Over the past decade, the Washington, D.C. region has been a breeding ground for some of National Basketball Association’s top talent.
Two of those players, Ty Lawson and Victor Oladipo, decided to give back to the region by sponsoring the inaugural Ty Lawson and Victor Oladipo All-American Camp last week at DeMatha Catholic High School.
Sixty of North America’s top high school players, including eight from Prince George’s County, were selected to take part in the camp, which included drills, workouts and games with direction from some of the area’s top instructors, including Lawson.
Lawson, a Clinton native, attended Bishop McNamara in 2003 before transferring to and graduating in 2005 from Virginia’s Oak Hill Academy. He was drafted by the NBA’s Minnesota Timberwolves and traded to his current team, the Denver Nuggets, in 2009.
He said that when he was in high school, there weren’t a whole lot of camps such as this one for youth to display their skills in front of college coaches.
From the day the camp opened on July 9 to Friday when it ended, more than 100 coaches from major collegiate athletic programs lined the perimeter of DeMatha’s Morgan and Kathy Wootten Gymnasium to get a glimpse of some of the region’s top prospective basketball talent.
But that was only part of the reason why Lawson wanted to be apart of the camp.
“This is where I came from. I was born and bred here,” Lawson said. “So, just coming back and seeing kids from here doing well makes me feel good.”
The eight Prince George’s participants were Potomac’s Randall Brodie, Largo’s Abdulai Bundu, DeMatha’s DJ Harvey, National Christian’s Christian Matthews, Riverdale Baptist’s Taron Oliver and Kenny Wormley and Paul VI’s Franklin Howard (Suitland resident) and Corey Manigault (Upper Marlboro).
“They’re pretty talented,” Lawson said about the players in attendance. “I was just saying that, I think they’re better than us when we [were] in high school. Everybody’s a little more athletic than I think we were. It’s a pretty good crop.”

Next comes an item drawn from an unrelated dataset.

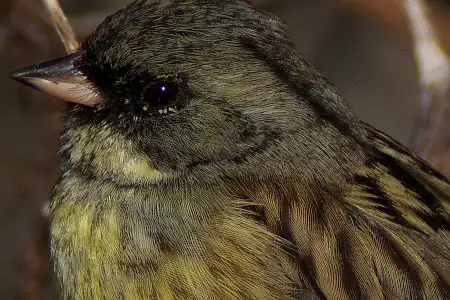 BLANCA-70ED/野鳥アオジ写真。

The players were selected by a panel of writers and scouts who traveled for the specific purpose of finding the top players for an invitation to the camp, according to camp manager Keith Stevens. The players didn’t have to pay for anything besides their travel expenses to and from Maryland.
Stevens, who also heads Team Takeover, one of the top Amateur Athletic Union teams in the country, said that the camp lived up to his expectations.
“The biggest thing was garnering the kids exposure,” Stevens said. “We have so many kids — you know you get the LeBron [James] camps, the Reebok camps, which are prestigious camps, but it’s not enough for everybody. And you could probably never get enough for everybody, but I thought this was another platform where we could give them the opportunity to get exposure in a intimate setting with proper coaching. And have guys come and watch.”
He said that Lawson and Oladipo were all-in once he approached them with the idea for the camp.
Brodie, a rising junior, said that it helps to see guys from the same part of the world be successful but still come back.
“It shows that the DMV is very talented in basketball,” Brodie said. “Not just on the West Coast or East Coast.”
Harvey, one of the youngest players at the camp, appreciated every moment he had to learn from everyone.
“It was great — playing against older kids,” Harvey said. “Great mentors led by example — told me what I did wrong, told me what I did right, told me what I can work on, told me always keep my head up.”
The rising senior, Oliver, felt like he showed the coaches in attendance some versatility.
“I feel like I showed them a different side of my game that I’m pretty sure they haven’t seen,” Oliver said.
The one common theme among the player reactions was that they all had a good time.
Stevens said that he expects there to be a second camp next year.